Daine is rescued from the dungeon by Zek, who is very fascinated by keys. She then meets up with Prince Kaddar. He tells her that Ozorne had Numair killed. Daine is overcome with fury. Using her power to revive dead beings to create an army out of the hall of bones. While looking for Ozorne, she meets with Numair's ex-lover. Daine tells her that Numair is dead. Daine finds the Hyenas and transforms into one. Using their excellent sense of smell, they hunt down Ozorne. They are about to attack him when he stabs himself with the Stormwing feather given to him by Rikash. Ozorne turns into a stormwing and flies away with the rest of them. Daine turns around to see Kaddar, Lindhall, and Numair. Losing her grip on her Hyena self, Daine transforms into her human, naked self. Numair gives her his robe and tells her that a Simulacrum of himself was caught and "killed" by Ozorne, not the real Numair. Then, the Graveyard Hag comes and takes the power of reviving the dead from Daine. Four days later, Daine wakes up to find Alanna at her side. She then goes to talk to His Imperial Highness, Kaddar. He tells Daine that she can have whatever she wants for saving his life (his uncle was planning to have him accused of treason of plotting against him).
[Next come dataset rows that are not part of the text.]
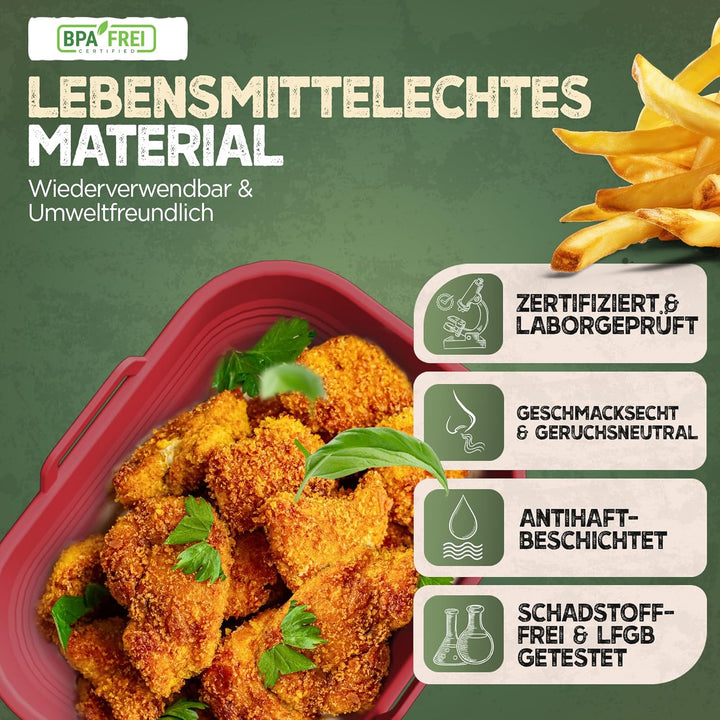 2x Set Silikonform Faltbar für Airfryer, Heissluftfritteuse, BPA-FREI | Zubehör Ninja Foodi Max Dual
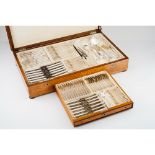 A twelve cover cutlery setPortuguese silver, 19th720th century Soup spoons, meat knives and forks,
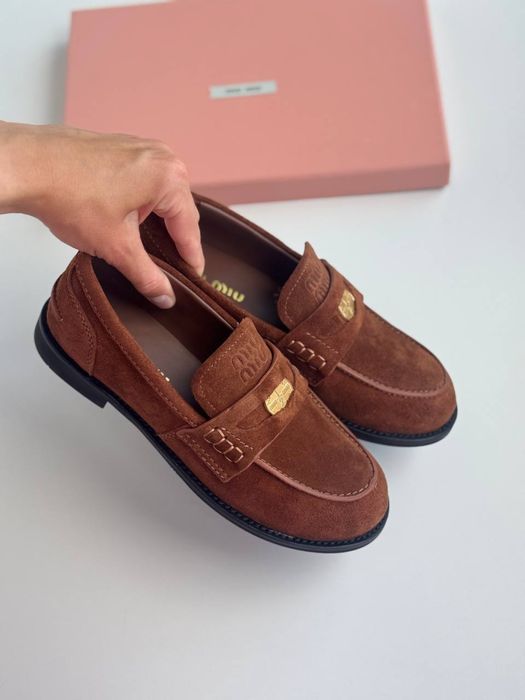 Лофери чорні/ коричневі Miu Miu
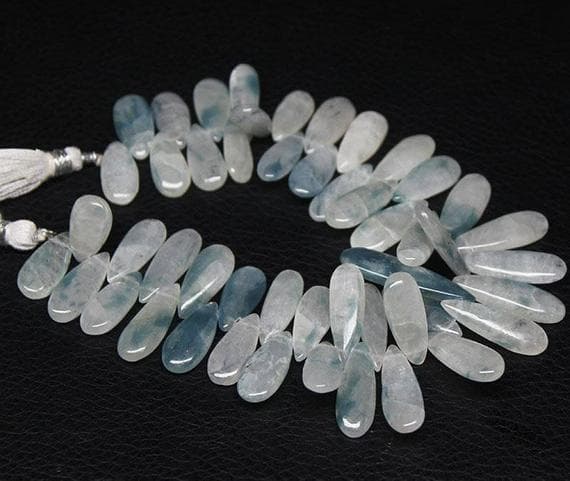 1 strand blue ice quartz pear drop smooth 8'' long strand gemstone beads, jewelry supplies for jewelry making, bulk beads, for meditation jewellery for Reiki Healing  gemstone 28mm to 15mm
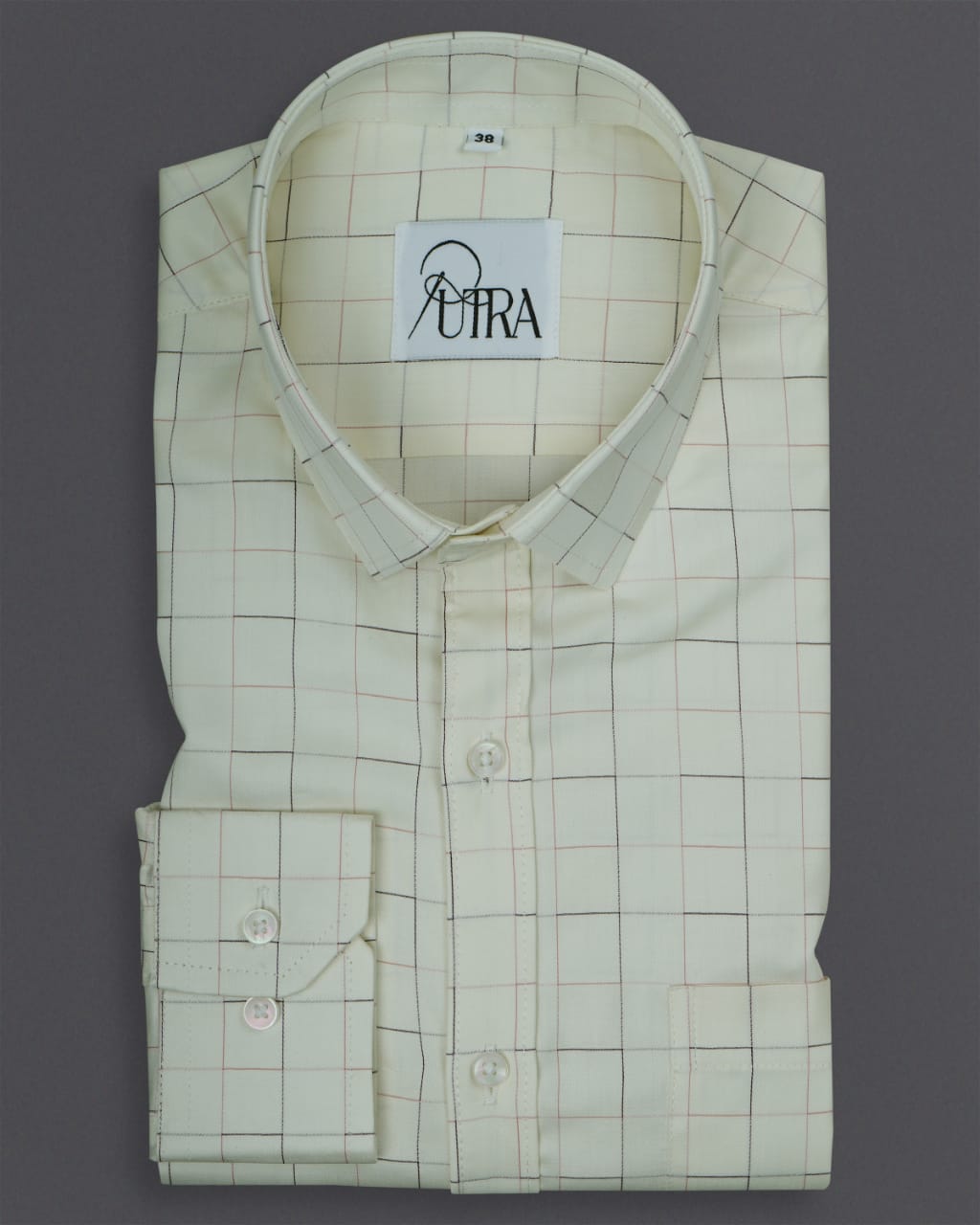 Refined Ivory Yarn-Dyed 100% Cotton Checkered Casual Shirt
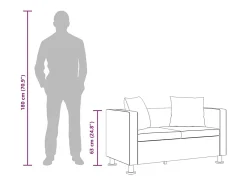 vidaxl Sofá de 2 lugares couro artificial^ Sofá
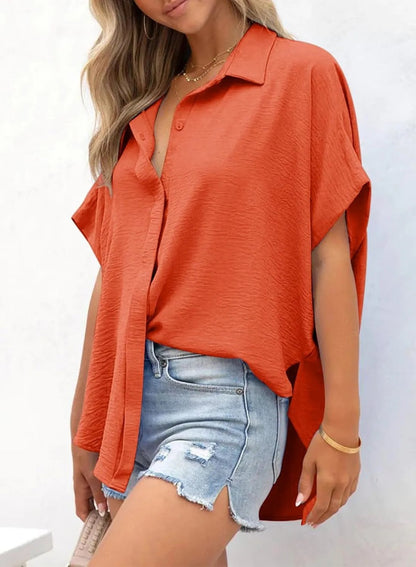 LunaWear – Casual Button Slit Hem Women’s Top – Orange / S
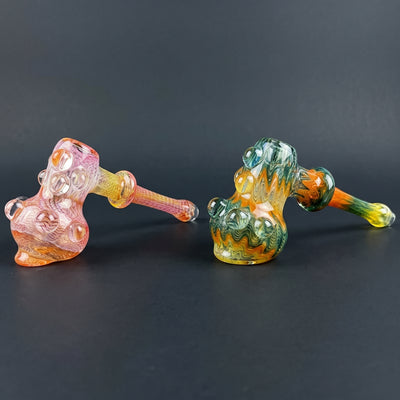 7.5" Oregon Made Glass Hammer Bubbler - Made in USA in Pink/Orange and Green/Orange/Yellow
Daine asks that the people who have wild magic and the emperor's mutes must be released from slavery.

==Characters==
- Veralidaine Daine Sarrasri – The main character in this book series, The Immortals.
- Skysong – Daine's constant companion throughout the series.
- Zek – A marmoset that joins the party and plays a pivotal role in the story.
- Numair Salmalin – Daine's teacher and friend.
- Alanna of Pirates Swoop and Olau – King's Champion and part of the delegation
- Prince Kaddar – Ozorne's nephew and Daine's friend
- Ozorne – The Emperor Mage
- Graveyard Hag – Most important god in Carthak, gave Daine the power to revive dead bodies
- Rikash Moonwing – A returning character from the previous book.

== Reception ==
Kirkus Reviews predicted the fans will love it and that "will be a huge seller."